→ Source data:
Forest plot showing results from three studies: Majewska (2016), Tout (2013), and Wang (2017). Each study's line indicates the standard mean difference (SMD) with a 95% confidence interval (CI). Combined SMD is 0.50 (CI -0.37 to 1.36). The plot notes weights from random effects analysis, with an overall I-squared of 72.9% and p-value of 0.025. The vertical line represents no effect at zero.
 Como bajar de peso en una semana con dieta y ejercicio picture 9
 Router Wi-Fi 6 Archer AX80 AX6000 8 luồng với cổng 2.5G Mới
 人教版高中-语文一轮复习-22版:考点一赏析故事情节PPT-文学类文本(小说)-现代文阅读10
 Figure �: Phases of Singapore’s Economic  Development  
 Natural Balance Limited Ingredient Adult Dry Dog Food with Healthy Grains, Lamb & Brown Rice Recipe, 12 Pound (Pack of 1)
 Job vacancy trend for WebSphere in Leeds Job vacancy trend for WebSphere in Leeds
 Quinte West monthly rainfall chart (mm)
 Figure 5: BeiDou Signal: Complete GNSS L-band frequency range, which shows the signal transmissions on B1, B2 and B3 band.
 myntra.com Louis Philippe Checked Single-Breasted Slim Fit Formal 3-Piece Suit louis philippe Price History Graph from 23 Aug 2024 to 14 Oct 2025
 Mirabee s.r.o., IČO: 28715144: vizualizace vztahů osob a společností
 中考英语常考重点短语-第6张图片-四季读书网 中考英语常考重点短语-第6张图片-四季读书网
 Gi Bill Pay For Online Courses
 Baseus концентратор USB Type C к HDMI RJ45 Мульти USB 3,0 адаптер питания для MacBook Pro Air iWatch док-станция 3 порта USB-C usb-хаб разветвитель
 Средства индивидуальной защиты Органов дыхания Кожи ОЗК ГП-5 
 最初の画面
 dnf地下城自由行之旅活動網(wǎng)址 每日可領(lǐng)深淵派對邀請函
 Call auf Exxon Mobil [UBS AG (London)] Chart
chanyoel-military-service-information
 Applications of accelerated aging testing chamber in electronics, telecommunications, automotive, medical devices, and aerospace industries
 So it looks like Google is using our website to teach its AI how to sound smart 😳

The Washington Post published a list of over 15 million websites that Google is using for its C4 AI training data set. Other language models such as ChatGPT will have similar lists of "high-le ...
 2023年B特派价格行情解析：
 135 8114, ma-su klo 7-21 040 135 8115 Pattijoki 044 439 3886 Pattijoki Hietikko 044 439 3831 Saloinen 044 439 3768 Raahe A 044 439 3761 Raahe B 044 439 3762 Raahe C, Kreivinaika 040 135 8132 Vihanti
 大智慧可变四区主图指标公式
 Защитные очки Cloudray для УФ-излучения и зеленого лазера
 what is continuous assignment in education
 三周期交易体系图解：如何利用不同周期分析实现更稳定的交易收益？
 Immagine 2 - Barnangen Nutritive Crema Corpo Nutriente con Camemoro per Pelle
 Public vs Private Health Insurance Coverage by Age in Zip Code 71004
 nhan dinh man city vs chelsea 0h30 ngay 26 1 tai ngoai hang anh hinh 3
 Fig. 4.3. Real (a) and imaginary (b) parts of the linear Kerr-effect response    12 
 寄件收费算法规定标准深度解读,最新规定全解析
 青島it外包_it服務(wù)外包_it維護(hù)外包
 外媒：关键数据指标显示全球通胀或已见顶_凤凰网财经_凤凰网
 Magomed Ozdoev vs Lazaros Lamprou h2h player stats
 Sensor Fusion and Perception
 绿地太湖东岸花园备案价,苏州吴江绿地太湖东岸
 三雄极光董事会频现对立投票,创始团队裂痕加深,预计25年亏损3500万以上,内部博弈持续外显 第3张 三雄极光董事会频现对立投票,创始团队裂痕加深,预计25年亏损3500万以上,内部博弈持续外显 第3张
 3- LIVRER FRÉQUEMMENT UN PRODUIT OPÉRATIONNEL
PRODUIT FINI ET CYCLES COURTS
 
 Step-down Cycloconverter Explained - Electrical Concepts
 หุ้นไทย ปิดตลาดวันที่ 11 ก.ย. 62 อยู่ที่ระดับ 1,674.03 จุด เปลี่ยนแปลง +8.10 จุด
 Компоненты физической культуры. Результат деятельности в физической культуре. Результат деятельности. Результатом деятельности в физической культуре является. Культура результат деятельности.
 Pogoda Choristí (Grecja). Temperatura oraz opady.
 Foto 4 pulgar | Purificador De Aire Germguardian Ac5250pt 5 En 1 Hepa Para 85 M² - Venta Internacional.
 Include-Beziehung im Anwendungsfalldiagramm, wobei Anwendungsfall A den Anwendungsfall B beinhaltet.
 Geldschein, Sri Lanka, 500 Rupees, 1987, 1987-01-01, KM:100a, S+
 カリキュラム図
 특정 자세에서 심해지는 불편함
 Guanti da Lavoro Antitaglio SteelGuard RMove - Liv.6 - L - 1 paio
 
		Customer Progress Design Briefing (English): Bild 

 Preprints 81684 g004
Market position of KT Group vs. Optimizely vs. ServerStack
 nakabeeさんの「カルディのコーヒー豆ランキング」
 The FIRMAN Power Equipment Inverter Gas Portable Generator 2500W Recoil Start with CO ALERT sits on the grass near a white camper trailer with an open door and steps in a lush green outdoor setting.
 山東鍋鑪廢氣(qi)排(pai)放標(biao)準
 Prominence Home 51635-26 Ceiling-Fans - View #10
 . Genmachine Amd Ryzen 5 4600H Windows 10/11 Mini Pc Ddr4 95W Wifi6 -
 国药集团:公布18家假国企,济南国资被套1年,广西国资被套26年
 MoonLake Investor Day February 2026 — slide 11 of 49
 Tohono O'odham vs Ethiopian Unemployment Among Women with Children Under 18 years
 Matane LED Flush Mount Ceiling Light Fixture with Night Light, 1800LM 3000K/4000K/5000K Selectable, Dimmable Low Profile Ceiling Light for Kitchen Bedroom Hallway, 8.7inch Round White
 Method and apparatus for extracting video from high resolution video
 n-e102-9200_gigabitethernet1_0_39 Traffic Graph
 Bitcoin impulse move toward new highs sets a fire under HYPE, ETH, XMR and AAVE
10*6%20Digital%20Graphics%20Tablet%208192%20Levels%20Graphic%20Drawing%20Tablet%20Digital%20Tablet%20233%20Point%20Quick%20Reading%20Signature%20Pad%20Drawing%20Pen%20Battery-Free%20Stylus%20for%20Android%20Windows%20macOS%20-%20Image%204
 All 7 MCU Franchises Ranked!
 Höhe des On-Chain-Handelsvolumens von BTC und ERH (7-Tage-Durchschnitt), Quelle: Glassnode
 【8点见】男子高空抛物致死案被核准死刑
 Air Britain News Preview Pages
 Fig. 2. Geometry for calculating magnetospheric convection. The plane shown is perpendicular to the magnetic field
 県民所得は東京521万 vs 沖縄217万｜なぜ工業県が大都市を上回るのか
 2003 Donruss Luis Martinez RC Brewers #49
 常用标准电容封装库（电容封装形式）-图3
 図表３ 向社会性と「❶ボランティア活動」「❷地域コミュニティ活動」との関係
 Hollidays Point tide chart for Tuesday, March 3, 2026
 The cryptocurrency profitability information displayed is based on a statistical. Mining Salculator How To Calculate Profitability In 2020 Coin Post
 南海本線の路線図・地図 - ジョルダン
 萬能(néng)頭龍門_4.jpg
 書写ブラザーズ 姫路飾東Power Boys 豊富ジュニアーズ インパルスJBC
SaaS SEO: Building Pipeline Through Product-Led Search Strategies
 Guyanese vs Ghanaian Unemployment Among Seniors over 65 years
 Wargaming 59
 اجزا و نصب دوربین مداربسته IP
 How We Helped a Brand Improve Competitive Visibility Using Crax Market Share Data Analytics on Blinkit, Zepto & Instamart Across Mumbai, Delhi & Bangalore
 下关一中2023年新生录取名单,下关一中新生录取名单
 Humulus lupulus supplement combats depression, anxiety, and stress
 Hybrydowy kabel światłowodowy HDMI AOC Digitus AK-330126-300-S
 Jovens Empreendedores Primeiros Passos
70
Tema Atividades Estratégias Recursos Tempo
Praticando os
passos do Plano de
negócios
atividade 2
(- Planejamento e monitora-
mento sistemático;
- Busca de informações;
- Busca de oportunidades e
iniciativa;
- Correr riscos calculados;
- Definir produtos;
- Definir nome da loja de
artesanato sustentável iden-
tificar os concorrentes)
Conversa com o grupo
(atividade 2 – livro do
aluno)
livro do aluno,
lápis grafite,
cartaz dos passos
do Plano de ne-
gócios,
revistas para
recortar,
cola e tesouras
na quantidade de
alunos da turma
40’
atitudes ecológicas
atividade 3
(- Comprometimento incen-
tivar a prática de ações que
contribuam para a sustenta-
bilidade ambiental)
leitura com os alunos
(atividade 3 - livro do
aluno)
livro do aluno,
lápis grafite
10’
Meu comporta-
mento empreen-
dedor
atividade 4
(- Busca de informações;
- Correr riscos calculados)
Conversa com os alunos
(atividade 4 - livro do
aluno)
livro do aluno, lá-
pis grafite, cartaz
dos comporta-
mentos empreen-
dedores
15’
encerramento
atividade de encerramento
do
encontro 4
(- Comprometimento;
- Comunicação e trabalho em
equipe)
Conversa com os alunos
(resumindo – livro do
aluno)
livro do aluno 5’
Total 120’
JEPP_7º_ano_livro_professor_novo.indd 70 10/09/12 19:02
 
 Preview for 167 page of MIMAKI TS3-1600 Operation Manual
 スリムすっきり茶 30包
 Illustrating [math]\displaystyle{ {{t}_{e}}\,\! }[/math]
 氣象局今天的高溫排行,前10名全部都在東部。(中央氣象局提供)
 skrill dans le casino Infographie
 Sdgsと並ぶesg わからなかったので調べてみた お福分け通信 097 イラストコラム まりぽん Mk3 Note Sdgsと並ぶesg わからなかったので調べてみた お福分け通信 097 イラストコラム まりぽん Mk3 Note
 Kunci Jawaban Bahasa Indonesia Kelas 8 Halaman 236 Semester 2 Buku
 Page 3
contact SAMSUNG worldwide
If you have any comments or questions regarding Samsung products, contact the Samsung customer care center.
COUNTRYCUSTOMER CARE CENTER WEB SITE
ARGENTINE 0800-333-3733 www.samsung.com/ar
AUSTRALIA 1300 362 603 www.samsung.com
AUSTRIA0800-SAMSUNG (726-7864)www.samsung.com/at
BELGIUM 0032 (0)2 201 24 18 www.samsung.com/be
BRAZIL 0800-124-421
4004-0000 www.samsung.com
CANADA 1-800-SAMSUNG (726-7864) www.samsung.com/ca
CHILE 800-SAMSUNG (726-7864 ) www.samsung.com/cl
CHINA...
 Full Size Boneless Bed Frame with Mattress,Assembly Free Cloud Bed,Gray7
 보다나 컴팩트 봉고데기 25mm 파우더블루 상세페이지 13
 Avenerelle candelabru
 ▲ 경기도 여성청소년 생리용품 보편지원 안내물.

→ WHAT NEEDS TO BE DONE: From the opening line of the data above, please print each line as written up to and including the line that contains "Natural Balance Limited", and nothing more.

→ OUTPUT FOR THIS TASK:
Forest plot showing results from three studies: Majewska (2016), Tout (2013), and Wang (2017). Each study's line indicates the standard mean difference (SMD) with a 95% confidence interval (CI). Combined SMD is 0.50 (CI -0.37 to 1.36). The plot notes weights from random effects analysis, with an overall I-squared of 72.9% and p-value of 0.025. The vertical line represents no effect at zero.
 Como bajar de peso en una semana con dieta y ejercicio picture 9
 Router Wi-Fi 6 Archer AX80 AX6000 8 luồng với cổng 2.5G Mới
 人教版高中-语文一轮复习-22版:考点一赏析故事情节PPT-文学类文本(小说)-现代文阅读10
 Figure �: Phases of Singapore’s Economic  Development  
 Natural Balance Limited Ingredient Adult Dry Dog Food with Healthy Grains, Lamb & Brown Rice Recipe, 12 Pound (Pack of 1)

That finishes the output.